China is like the honey badger. She don't care.

Monday, December 2, 2013

Why I Love China

Yes, there are days that are beyond frustrating. And then something like this happens.

I'm having lunch with a friend when I realize that the strap across my shoe has come apart and it's hanging off my shoe with the button dangling by a thread. I pull the button off and put it in my pocket, starting to walk home.

I'm stopped by a policeman. (Normally, that kind of sentence might strike fear into one's heart, but the lack of guile in most Chinese on the street -- even those in the uniforms -- brings a sense of trust that I don't think I've found anywhere else.) He points to my foot and, I assume, tells me my shoe is falling apart.

That's another thing about China: everyone minds everyone's business. That is, unless they've fallen and are hurt on the street. But gain a few pounds, get a haircut or need a haircut, wear something too warm for hot day or, much worse, too cool for a cold day and you will hear about it. I think it's considered a general public service.

Anyway, I thank the cop and tell him I know my shoe is broken and go on my way.

Twenty feet down the street is a little stand which offers shoe repair, bike repair, and probably assorted other services.
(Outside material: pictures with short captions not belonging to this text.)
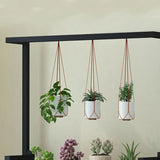 3 Tier Black Plant Stand With Hanging Basket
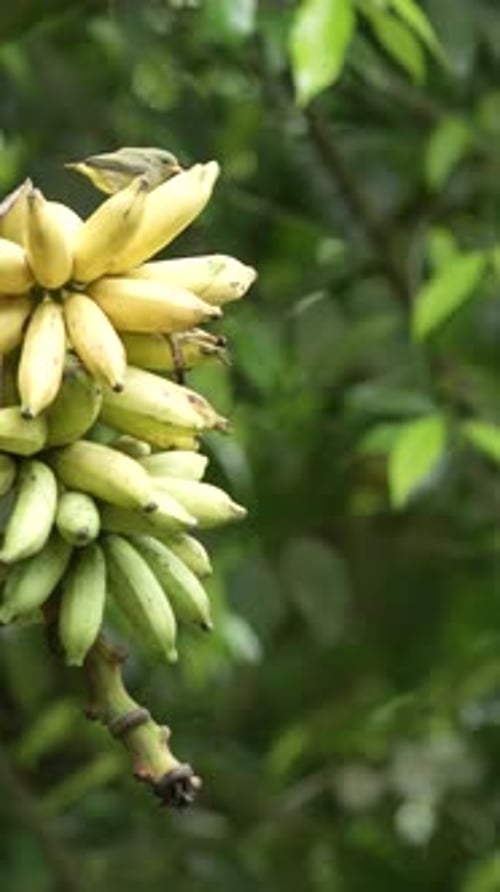 Orange-bellied flowerpecker birds eating bananas in the garden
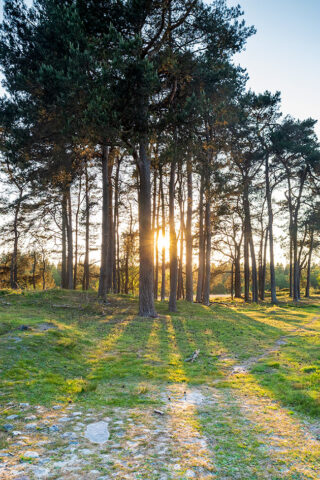 Landschap in de provincie Drenthe
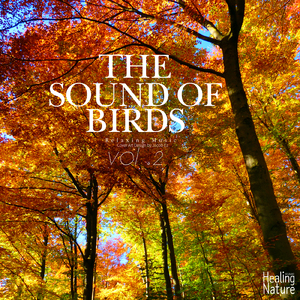 집중력에 도움을 주는 자연의 새소리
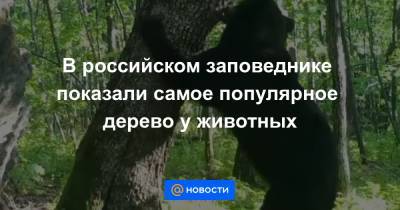 Екатерина Гура - В российском заповеднике показали самое популярное дерево у животных - news.mail.ru - Еврейская обл.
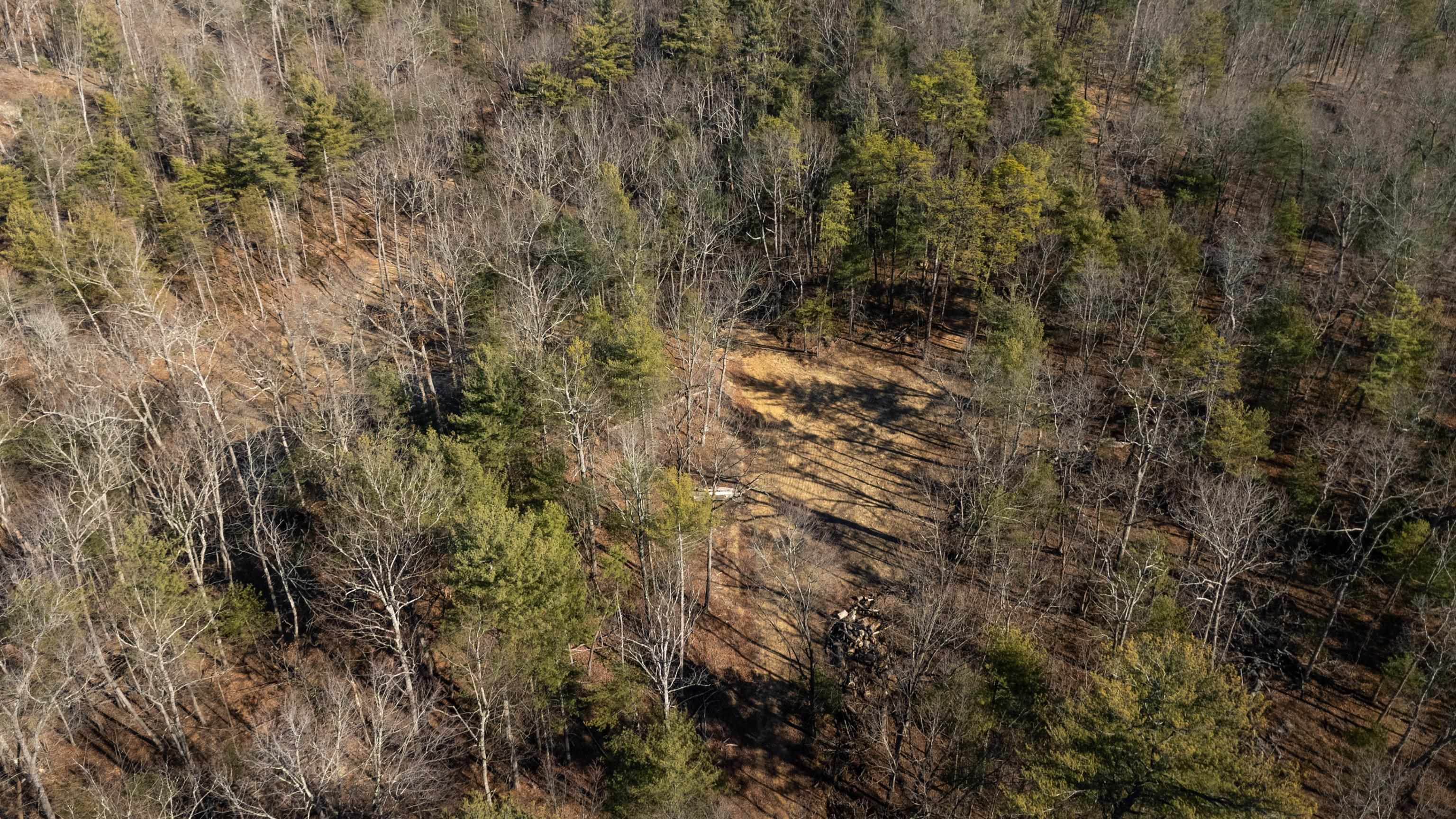 24.97-ac Stribling Springs Road Mount Solon, VA 22843 - Photo 16 of 34 a view of a tree
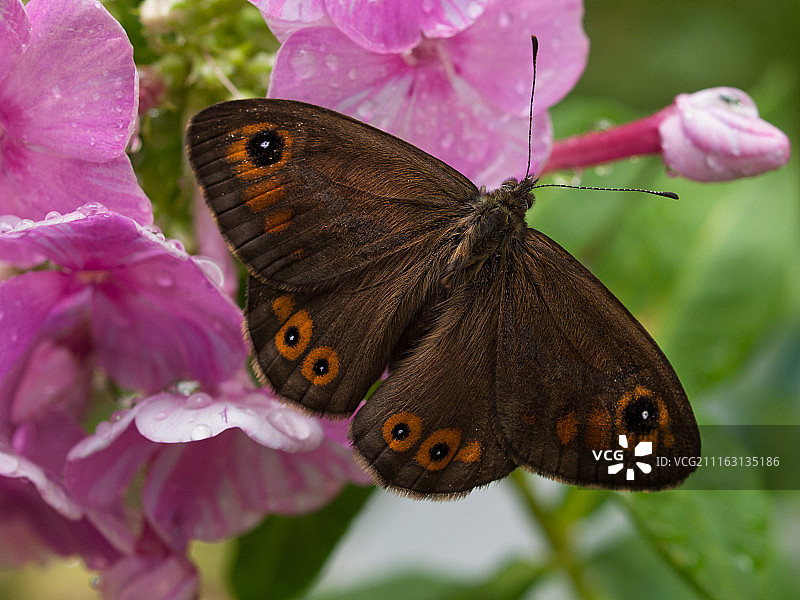 棕色蝴蝶的特写图片素材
I hobble over to the guy, hand him my shoe, sit on his tiny stool in the pale near-winter sun, and wait as he sews the button and strap back on my shoe.

Done. It costs me 5 RMB. That's 82 cents. Doesn't seem like much, but that same 5-kuai note could also buy me a jianbing (with change leftover), or two baozhis, or a small baked sweet potato on the street. So basically the guy just earned his lunch.

Does an 82-cent shoe repair mean I want to stay here forever? No, but it certainly makes things a little nicer in the meantime.